### EXERCISE GOAL
The line containing "零百3.8秒，续航712km，28.1万起，详解自主高端电动车极氪001" and every line after it, through the end of the material: copy these exactly and nothing else, leaving pictures out.

(INFORMATION PROVIDED Opens)

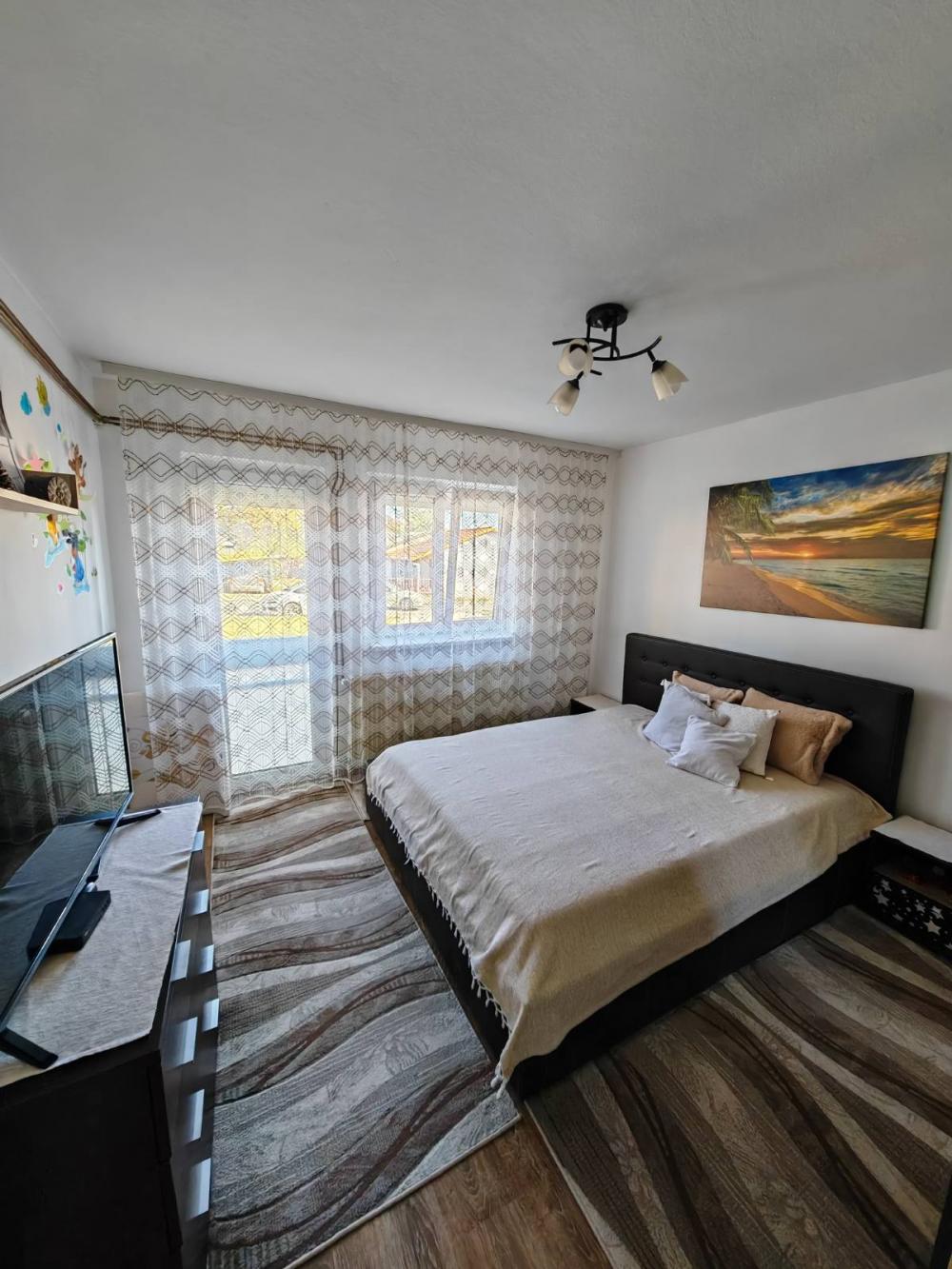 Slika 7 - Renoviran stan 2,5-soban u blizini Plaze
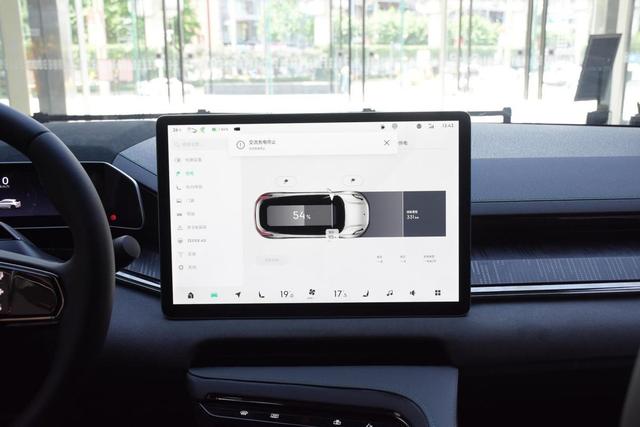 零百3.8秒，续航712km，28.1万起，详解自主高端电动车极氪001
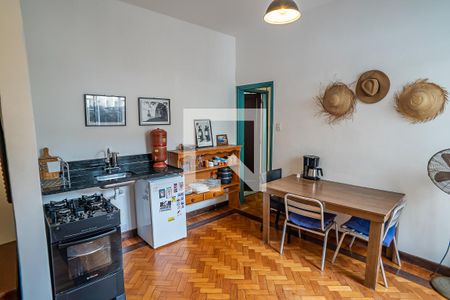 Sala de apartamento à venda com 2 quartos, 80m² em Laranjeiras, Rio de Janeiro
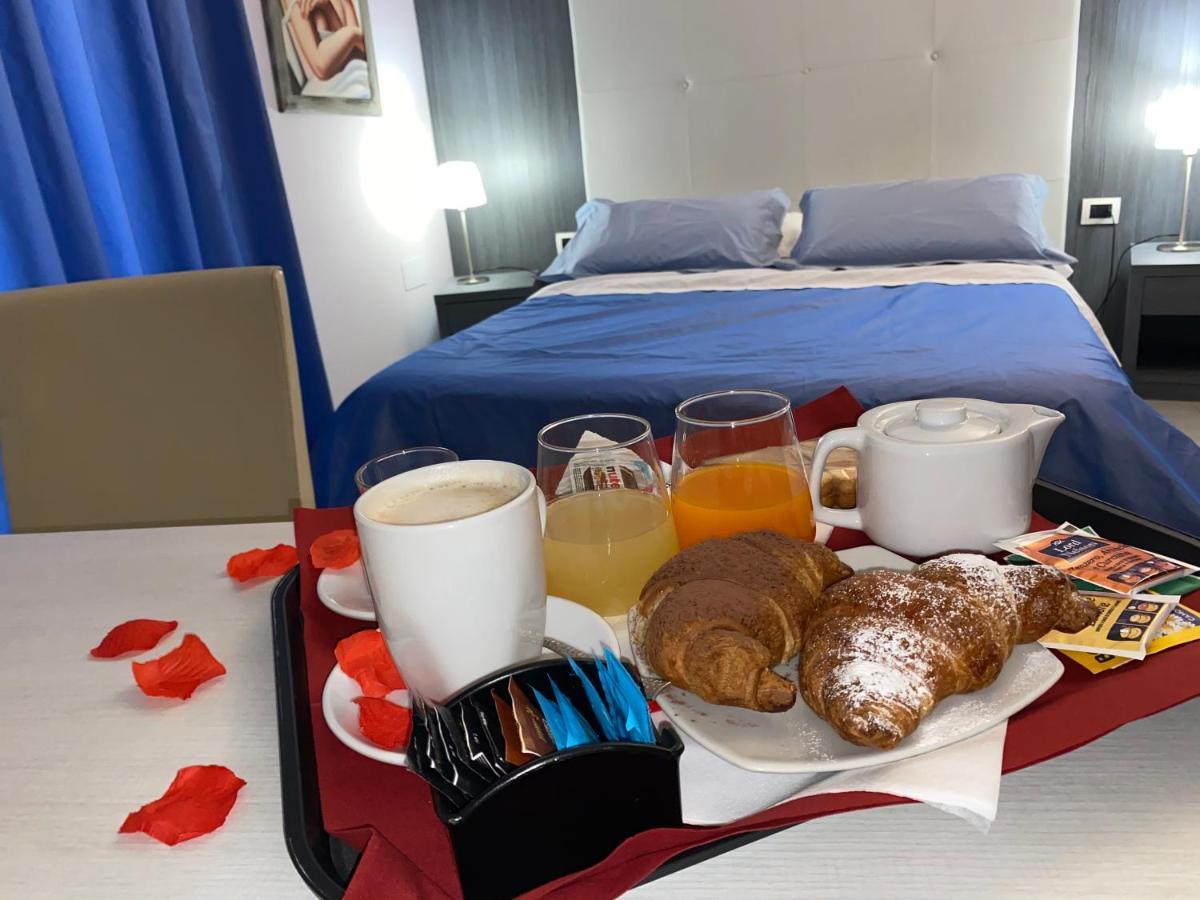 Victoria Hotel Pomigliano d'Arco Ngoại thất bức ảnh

(INFORMATION PROVIDED Closes)

### SOLUTION FOR THIS TASK
 零百3.8秒，续航712km，28.1万起，详解自主高端电动车极氪001
 Sala de apartamento à venda com 2 quartos, 80m² em Laranjeiras, Rio de Janeiro
 Victoria Hotel Pomigliano d'Arco Ngoại thất bức ảnh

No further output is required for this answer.